Om het deksel toch zijn afsluitende functie te laten houden, snijden we van
de rest van de styreenstrip nog enkele afsluitdopjes.”
Het is tijd om onze zelfgebouwde ets- en ontwikkelbak te vullen. We hebben
hiervoor een maatbeker, een waterkoker, de ets- en ontwikkelproducten (fijnetskristal
van Seno en naar keuze natriumhydroxide) en wat water nodig. Dat laatste lijkt
natuurlijk evident, maar bedenk dat gewoon leidingwater, afhankelijk van streek
tot streek, soms vrij veel kalk bevat. De kalk werkt neutraliserend op de gebruikte
producten en zal daardoor hun levensduur beperken. Gedemineraliseerd (gedistilleerd)

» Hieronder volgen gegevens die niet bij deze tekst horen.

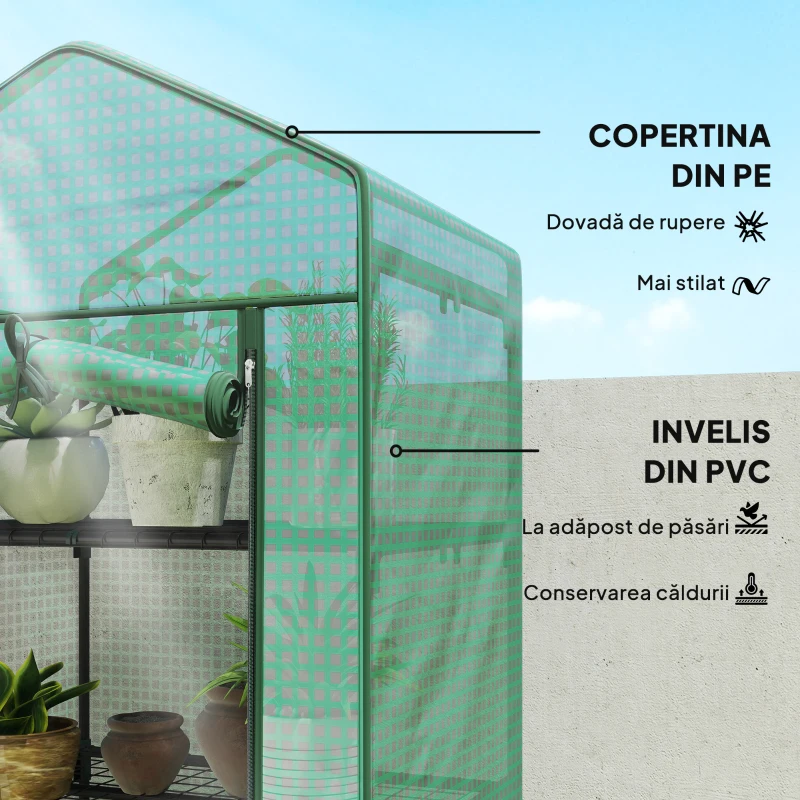 Outsunny Seră de grădină balcon etajere seră 5 niveluri 0,69 x 0,49 x 1,93 m oțel folie rulabilă PE verde
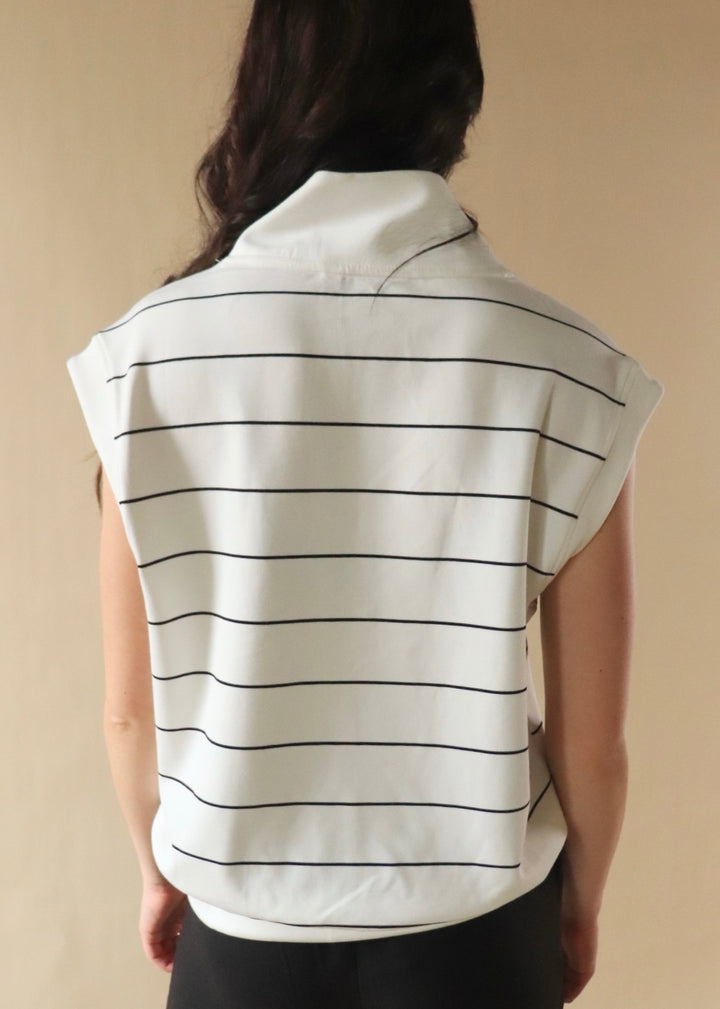 Maya Stripe V-Neck Sleeveless Scuba Top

water is dus een betere keuze voor zowel het etsmiddel als de ontwikkelaar.
Om beide producten goed op te lossen doe je dit ook het best in water van zo’n
55 graden. Je hebt hier overigens geen thermometer voor nodig. Wanneer je 500
cc koud water (op kamertemperatuur of frisser) mengt met evenveel pas gekookt
water (iets minder dan 100° Celsius dus), kom je op een temperatuur van
rond de 55 graden uit.
Tijd nu om je wegwerphandschoenen aan te doen en de beide producten voorzichtig
in hun bakjes te mengen. Knip de verpakking open en giet elk poeder langzaam
in het juiste bakje. Om de poeders goed met het water te vermengen, laten we
de bakjes met gesloten deksels nog een kwartiertje nabeluchten.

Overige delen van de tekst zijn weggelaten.